The term NEET first appeared in policy in 1999 – before this the label of choice was ‘status zer0’. Howard Williamson argues that this quickly became a contentious term and that the more benign ‘NEET’ was favoured as it has a less problematic ring to it. Status Zer0 and its immediate connotation of people with no status was deemed inappropriate. However, the term NEET is itself problematic for many reasons.
Firstly, the term NEET constructs young people through a negative – i.e. it defines them by what they are not (in employment, education or training). Rather than working with and highlighting the many strengths that every young person has, the narrow ecomomic focus so dominant today means that the focus is on their financial contribution to society. And of course, there can be (and are) myriad reasons why a young person may not be actively engaged in the labour market. Some of these may be positive reasons, some less so and this leads on to the second point;
…that the NEET category (in policy terms) contains within it a population of young people whose reasons for being NEET are so widely varied that the NEET concept turns to ashes in the face of the diversity. Some have caring responsibilities, some have drug and alcohol issues, some have mental and physical issues to deal with, some have criminal histories, some more fortunate young people may be enjoying a break or a ‘gap year’. The point being, of course, that the sheer multitude of experience is impossible to capture under one nice and convenient banner.
Thirdly, NEET also means that the ‘missing middle’ are often overlooked – both in policy and in academia. Both tend to focus on the ‘problem kids’ at the bottom of the social ladder. The problem here is that many young people in the middle are missed. Their experience is vital if we want to understand what is occurring to the ‘ordinary folks’. Steven Roberts makes the crititical point that:
…researching ordinary youth through the 20s can reveal much about young people’s lives, and this period becomes especially prominent given that the age for compulsory learning for young people in the UK is to be raised to 17 in 2013, and 18 in 2015…researching this ‘missing middle’. can add to our understanding of the contemporary youth period.
Between the few at the top and the few at the bottom there is a great many young people today struggling to get by and barely able to make ends meet whose experience is in danger of being overlooked.
Fourthly, NEET is typically framed as a problem with the young person and is bound up in the employabilty agenda. This, of course, has shifted the problem of unemployment on to the shoulders of individual job-seekers. The current government narrative ignores the structural barriers and overlooks the economic and social inequalities which serve to marginalise young people (which increasingly includes young people with resources as well as those without). Chief amongst these is the problem of available jobs, particularly decent jobs which offer some semblance of security, decent pay and future opportunities for development. As i’ve written elsewhere on this blog the overwhelming evidence shows that young people want to work. They want to work and they want a pretty conventional future – house, partner, kids at some point.
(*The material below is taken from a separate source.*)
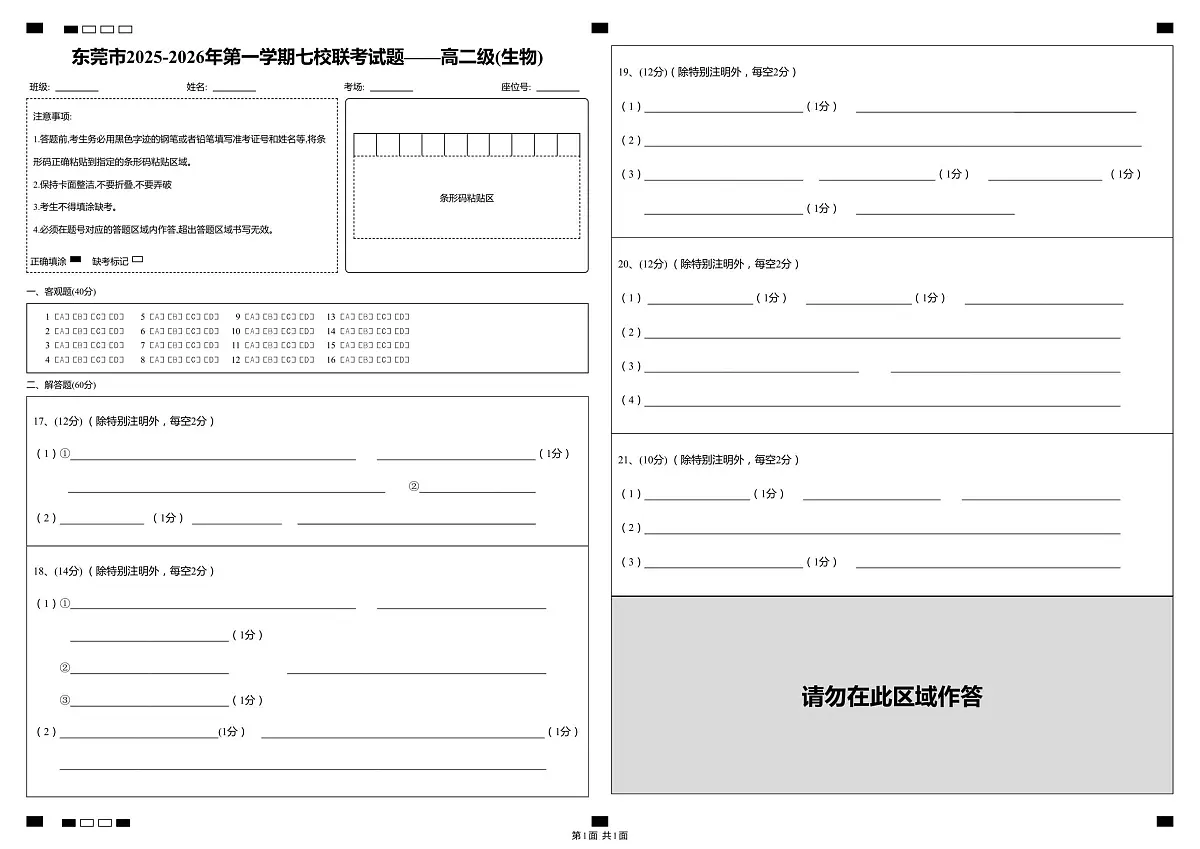 高二级_生物_答题卡第1页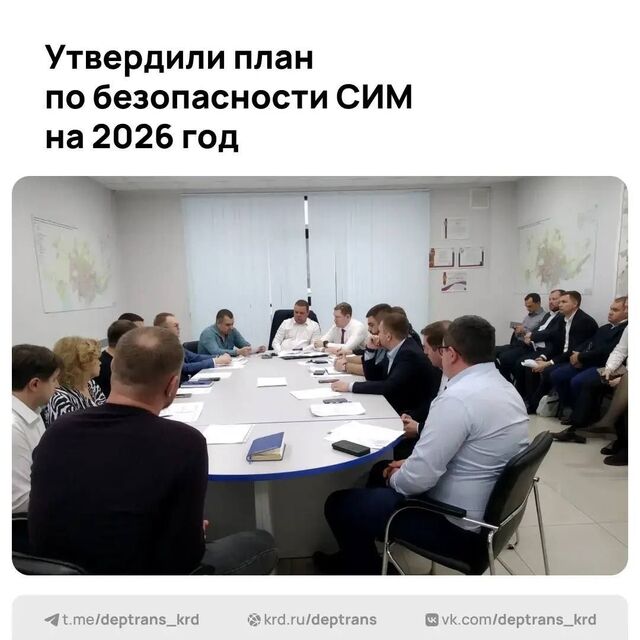 В мэрии провели совещание по повышению безопасности использования самокатов, велосипедов и других средств индивидуальной мобильности (СИМ). - МОЙ КРАСНОДАР, 14.03.2026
But the current policy narrative positions many NEET young people as being hostile to work and resistant to joining the labour market. It is, to put it bluntly, untrue.
The fifth reason it should be discarded is that for young people who are NEET and have significant barriers in their lives their unemployment may not in fact be the most salient issue in their life. As Scott Yates & Malcolm Payne note ‘the focus on ‘NEET’ to label such young people can risk diverting attention away from the range of other, often quite profound, risks and difficulties that they face.’ This is something that I have personally noted during my time working in the employability sector as the target culture that exists can mean workers ‘race’ to sort out often quite complex issues in order that young people are ready for job interviews. It is a backward strategy that in the overwhelming majority of cases is doomed to failure. Alan France makes this point in more unambiguous terms – that NEET contributes in policy terms to young people being framed as ‘the feckless underclass who do not need support but punishment. In reality many are in desperate need of intervention and help, being isolated and marginalised.’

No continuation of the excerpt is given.